I have a linear regression model that is used to forecast the 'afluent natural energy' (ANE) of some region.

The predictors for this model are:

  • the previous month ANE (ANE0)
  • the previous month rain volume (PREC0)
  • the current month forecast for rain volume (PREC1)

We have 7 years of historical data for all of these variables, for each month. The current model just runs a OLS linear regression. I feel there's a lot of improvements to be done, but i'm not a time series specialist.

The first thing I notice is that the predictors are highly correlated (multicollinearity).
I'm not certain of the impacts of multicollinearity on prediction confidence.

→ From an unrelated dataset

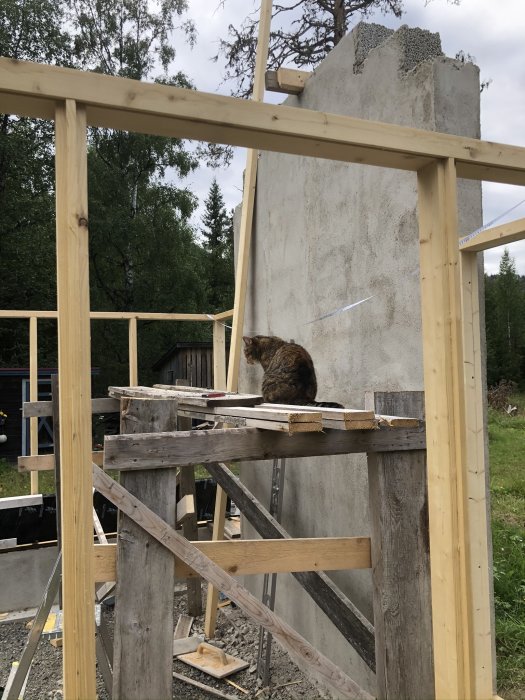 En katt sitter på en träställning framför ett pågående orangeribygge med en uppmurad kortsida och träreglar.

I decided to try a time series approach, so I ran a ACF and PACF on the historic data:
The ACF shows a sine wave pattern, and the PACF has a spike at 1 and 2. So I tried both ARIMA (2, 0, 0) and ARIMA(2,0,1) to predict 20 periods ahead.

The ARIMA(2,0,1) shows good results, but I'm not certain as to how to compare it to the linear regression model.

What's the best way to test the performance of these model? I'm using R as analysis tool (together with the forecast package).

Best Answer

The best way to test out of sample prediction is to do a pseudo out of sample forecasting experiment. Use about 75 percent of the data to train the models, make the prediction, record the forecast error, update the information set, and repeat. At the end, you can use all of the forecast errors to get the mean-squared forecast error (MSFE). The model with the lowest MSFE is the best predictor. In general the out-of-sample (OOS) r-squared can help you compare a model to some benchmark.

$$\text{OOS } R^2 = 1 - \frac{MSFE_{model}}{MSFE_{benchmark}}$$

If the OOS r-squared is greater than zero, the model beats the benchmark. A typical choice for the benchmark is the historical mean. The higher the OOS r-squared, the better.

A couple of other thoughts: If you're not sure which model to choose, just average the forecasts from both models. Average forecasts usually perform better than individual forecasts. Also, since your time series looks like a sine wave you may want to check for seasonality and use seasonal time series models.